Image-text web data:
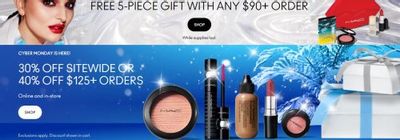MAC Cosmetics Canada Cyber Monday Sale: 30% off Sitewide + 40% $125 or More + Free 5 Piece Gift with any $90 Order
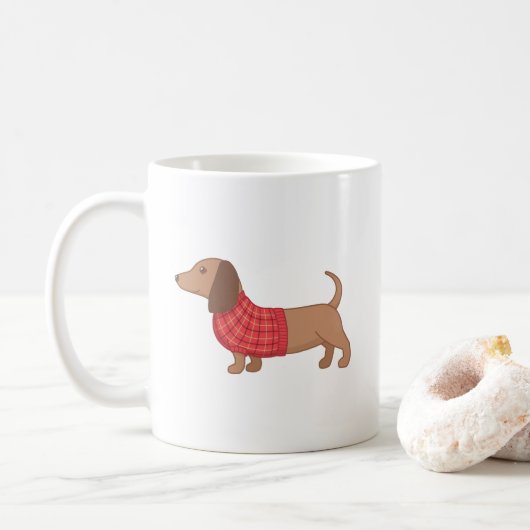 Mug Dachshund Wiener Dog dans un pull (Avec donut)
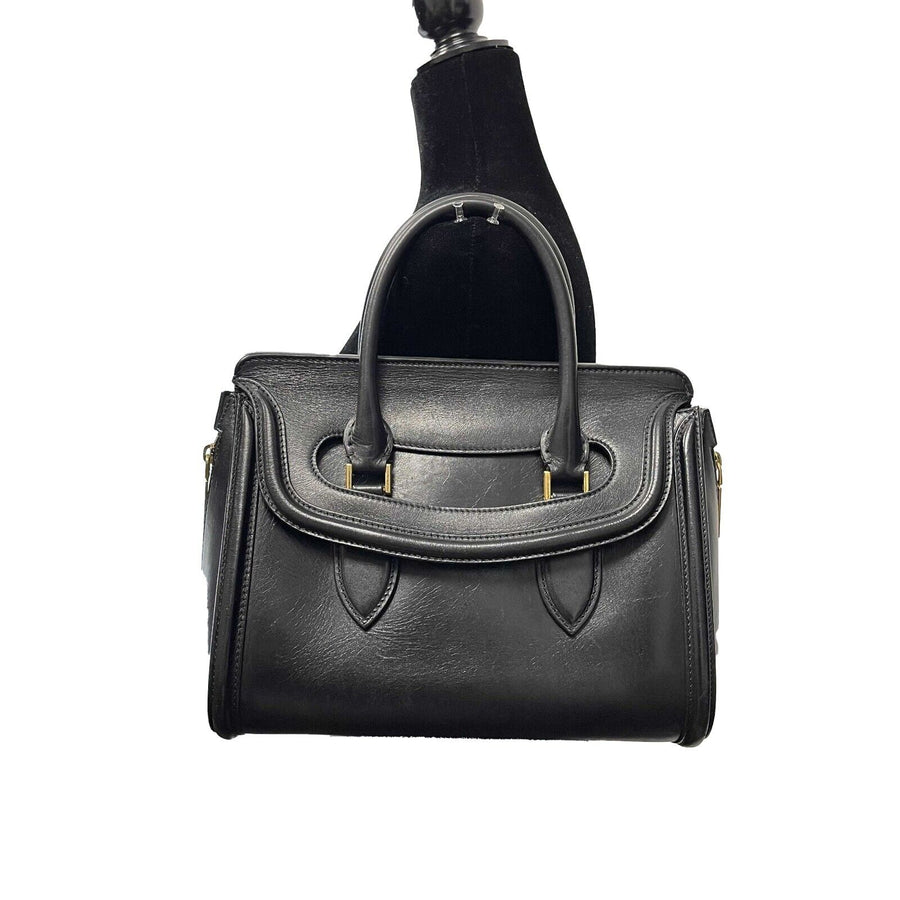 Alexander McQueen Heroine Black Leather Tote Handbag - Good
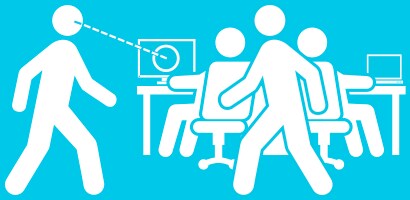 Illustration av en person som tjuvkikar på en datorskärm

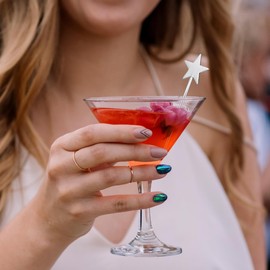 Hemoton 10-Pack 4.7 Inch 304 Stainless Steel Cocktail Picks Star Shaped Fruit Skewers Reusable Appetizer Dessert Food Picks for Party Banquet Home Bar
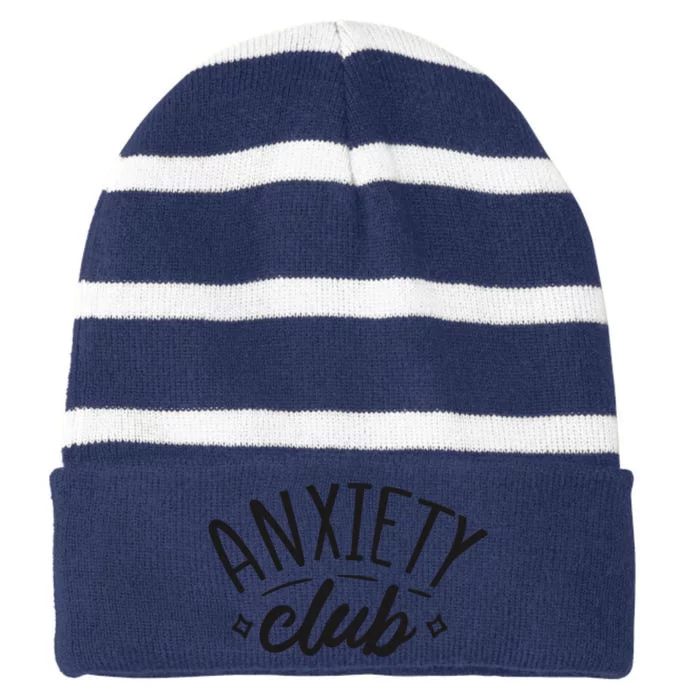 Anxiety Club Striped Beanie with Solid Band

= What you have to do =
Without the pictures, give the entries above back exactly.

= Solved exercise =
MAC Cosmetics Canada Cyber Monday Sale: 30% off Sitewide + 40% $125 or More + Free 5 Piece Gift with any $90 Order
 Mug Dachshund Wiener Dog dans un pull (Avec donut)
 Alexander McQueen Heroine Black Leather Tote Handbag - Good
 Illustration av en person som tjuvkikar på en datorskärm

 Hemoton 10-Pack 4.7 Inch 304 Stainless Steel Cocktail Picks Star Shaped Fruit Skewers Reusable Appetizer Dessert Food Picks for Party Banquet Home Bar
 Anxiety Club Striped Beanie with Solid Band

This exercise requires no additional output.